Fine-Tuning BERT for Text Classification with Python and HuggingFace

After the previous post on BERT's attention mechanism, the obvious next question is: how do you actually use it for a real task? This post is a practical walkthrough of fine-tuning bert-base-uncased for binary sentiment classification using the HuggingFace transformers library.

ℹ

Images in this post are from Jay Alammar's Illustrated BERT and A Visual Guide to Using BERT (jalammar.github.io), used under CC BY-NC-SA 4.0.

What Fine-Tuning Means

BERT is pre-trained on 3.3 billion words. Fine-tuning means taking those weights as a starting point and continuing training on your labelled task data for a few epochs. You're not training from scratch — you're nudging a model that already understands English towards a specific behaviour.

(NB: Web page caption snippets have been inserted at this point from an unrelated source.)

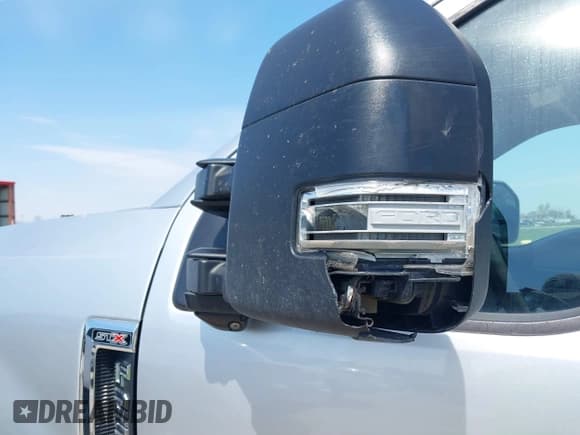 ✅ 2019 Ford F-250 XL • VIN: 1FT7W2B67KEC20297 • Lot: 42031558. Listed on IAAI with 215,462 mi. Free auction sales archive from the USA and detailed vehicle history report at DreamBid. Image 13.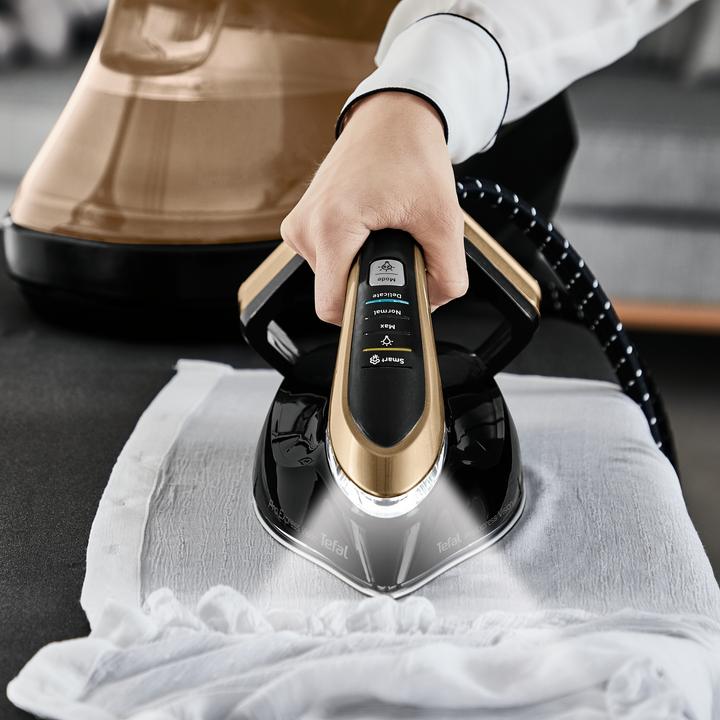 Produktbild Tefal Pro Express Vision GV9820S0 (2400 W, 650 g/min)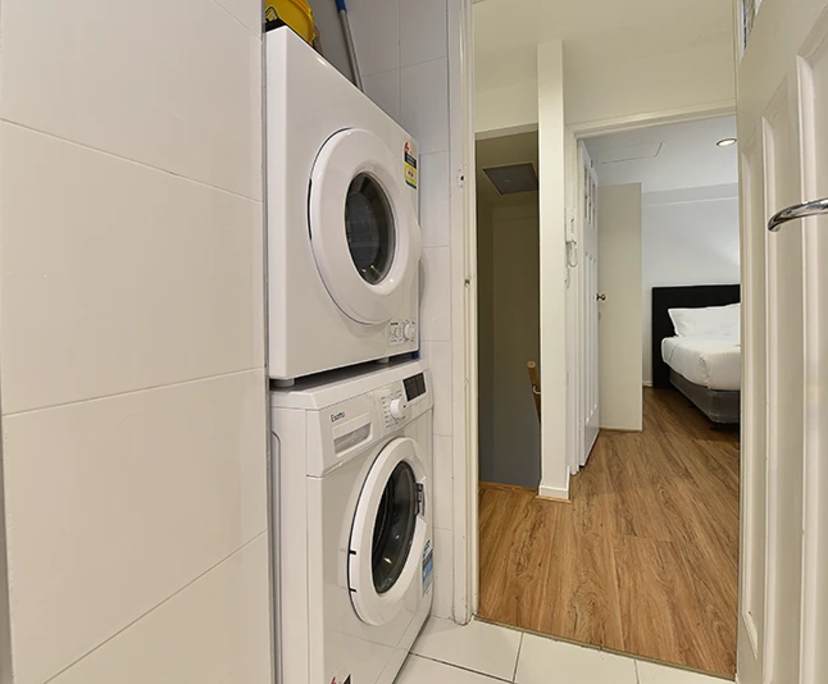 $975, Whole-property, 2 bathrooms, Melbourne VIC 3000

BERT two-stage process: pre-train on unlabelled text, fine-tune on task-specific labelled data

The architecture change for classification is minimal: add a single linear layer on top of BERT's [CLS] output vector and train the whole thing end-to-end.

Spam classifier built on BERT — linear head on [CLS] output predicts label

The Dataset

We'll use the Stanford Sentiment Treebank (SST-2): short movie review sentences labelled positive (1) or negative (0).

from datasets import load_dataset

dataset = load_dataset("glue", "sst2")
# DatasetDict with train (67,349 examples) and validation (872 examples)
print(dataset["train"][0])
# {'sentence': 'hide new secretions from the parental units', 'label': 0, 'idx': 0}

Tokenisation

BERT uses WordPiece tokenisation. The tokenizer handles everything: splitting words into subwords, adding [CLS] and [SEP] tokens, padding, and building attention masks.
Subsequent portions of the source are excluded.